Toyota Avalon Sports ADAS Features, Safety Connect Offer

This week, Toyota unveiled the latest version of its flagship Avalon four-door sedan, which boasts a slew of advanced driver assistance system (ADAS) features and connectivity options.

For its fifth generation, Toyota outfitted the Avalon with Safety Connect and Service Connect, which both come with a three-year trial period, and Remote Connect, which comes with a six-month trial.

Remote Connect allows drivers to lock or unlock their doors, start the engine or check their fuel level from a smartwatch or Amazon Alexa-enabled device.

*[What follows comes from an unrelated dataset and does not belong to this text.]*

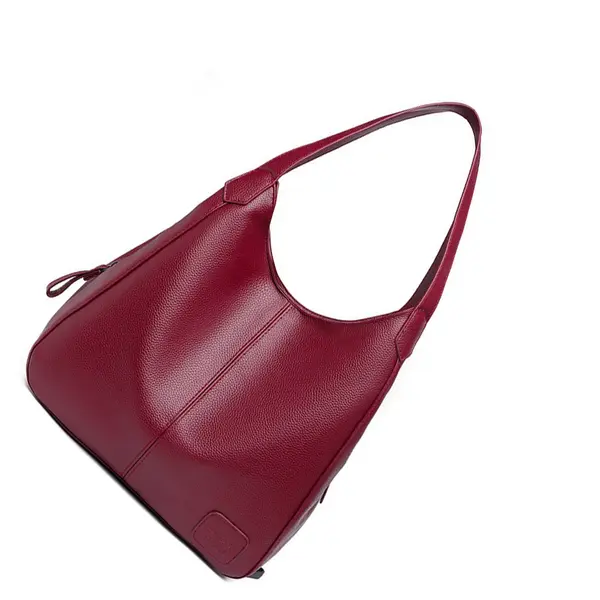 Trendy Solid Color PU Leather Crossbody Shoulder Bag – Color: Red – View 2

This feature is also voice activated and compatible with a number of Android or Apple devices.

Toyota is also offering a WiFi trial through Verizon, with up to 2GB within six months, and the sedan also comes with the Entune 3.0 infotainment system, a Scout GPS Link application, while Apple’s CarPlay platform is also standard on all models.

The sedan’s nine-inch multimedia system displays audio and navigation, and integrates the car’s climate control system, while the Scout GPS Link app offers voice-activated search, with results shown on the display.

Below the screen is a slide-open bin containing a 12-volt plug and the standard wireless Qi mobile device charger, with a trio of USB power ports — making for five total — located inside the center console.

Behind the steering wheel, a seven-inch multi-information display shows vehicle information, turn-by-turn navigation, and various vehicle settings, such as those pertaining to lane departure alert with steering assist, intelligent clearance sonar and head-up display (HUD).

On the Limited and Touring models, a standard color 10-inch HUD projects important info, such as vehicle and engine speeds, turn-by-turn directions, audio settings, and drive mode, right onto the lower portion of the windshield.

The Avalon’s standard Toyota Safety Sense P (TSS-P) suite of safety systems and technologies includes a pre-collision system with pedestrian detection, which is designed to alert the driver — and may apply the brakes — if it detects a potential frontal collision with another vehicle.

Another safety feature is full-speed range dynamic radar cruise control, which uses radar located behind the Toyota badge plus a camera on the windshield designed to help maintain a safe distance from the car in front.

Automatic high beam activation aids night-time driving by using a camera to detect headlights and tail-lights of preceding vehicles, and toggling accordingly between high and low beams, and additional standard safety technology includes a blind spot monitor with rear cross traffic alert.

Toyota isn’t alone in rolling out ADAS features and connected car features for its mid-market vehicles. Rival Nissan recently beefed up the standard safety feature set for its Rouge Sport model, offering as standard auto emergency braking (AEB), blind spot warning (BSW) and rear cross traffic alert (RCTA) on all 2018.5 models.

Automakers across the globe have been scrambling to showcase their own ADAS technologies, from Ford’s CoPilot360 suite of safety features to Daimler’s Active Distance Assist Distronic found on its Mercedes sedans.